▶ [Aim of the exercise]: Filter the listing down to the lines containing the word "Photo".

▶ [Records to use]:
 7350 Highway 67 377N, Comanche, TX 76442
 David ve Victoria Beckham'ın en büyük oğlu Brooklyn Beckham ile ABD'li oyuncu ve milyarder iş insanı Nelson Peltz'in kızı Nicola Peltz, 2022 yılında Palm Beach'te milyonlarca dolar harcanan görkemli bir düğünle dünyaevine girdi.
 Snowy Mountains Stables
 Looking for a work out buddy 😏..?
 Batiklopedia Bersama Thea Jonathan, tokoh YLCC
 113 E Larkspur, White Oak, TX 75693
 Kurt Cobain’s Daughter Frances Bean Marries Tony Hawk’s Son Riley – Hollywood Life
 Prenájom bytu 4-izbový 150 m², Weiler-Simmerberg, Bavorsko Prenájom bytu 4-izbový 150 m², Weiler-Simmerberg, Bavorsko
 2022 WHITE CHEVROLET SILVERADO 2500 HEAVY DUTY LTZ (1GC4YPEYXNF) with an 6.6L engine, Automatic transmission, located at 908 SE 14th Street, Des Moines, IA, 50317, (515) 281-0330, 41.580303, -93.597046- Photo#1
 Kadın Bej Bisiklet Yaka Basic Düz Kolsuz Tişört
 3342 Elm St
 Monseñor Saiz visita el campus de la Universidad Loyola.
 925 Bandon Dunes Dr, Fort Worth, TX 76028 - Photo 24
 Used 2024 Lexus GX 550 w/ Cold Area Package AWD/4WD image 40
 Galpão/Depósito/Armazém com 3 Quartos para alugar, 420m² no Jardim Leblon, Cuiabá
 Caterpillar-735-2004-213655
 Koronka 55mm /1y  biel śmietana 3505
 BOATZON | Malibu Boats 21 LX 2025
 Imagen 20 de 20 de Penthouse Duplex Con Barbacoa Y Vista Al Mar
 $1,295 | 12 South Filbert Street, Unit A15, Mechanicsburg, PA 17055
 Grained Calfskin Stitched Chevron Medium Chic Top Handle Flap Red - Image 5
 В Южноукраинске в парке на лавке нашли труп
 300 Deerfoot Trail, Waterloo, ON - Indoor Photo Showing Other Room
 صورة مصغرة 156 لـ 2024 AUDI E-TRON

▶ [Reply]:
 2022 WHITE CHEVROLET SILVERADO 2500 HEAVY DUTY LTZ (1GC4YPEYXNF) with an 6.6L engine, Automatic transmission, located at 908 SE 14th Street, Des Moines, IA, 50317, (515) 281-0330, 41.580303, -93.597046- Photo#1
 925 Bandon Dunes Dr, Fort Worth, TX 76028 - Photo 24
 300 Deerfoot Trail, Waterloo, ON - Indoor Photo Showing Other Room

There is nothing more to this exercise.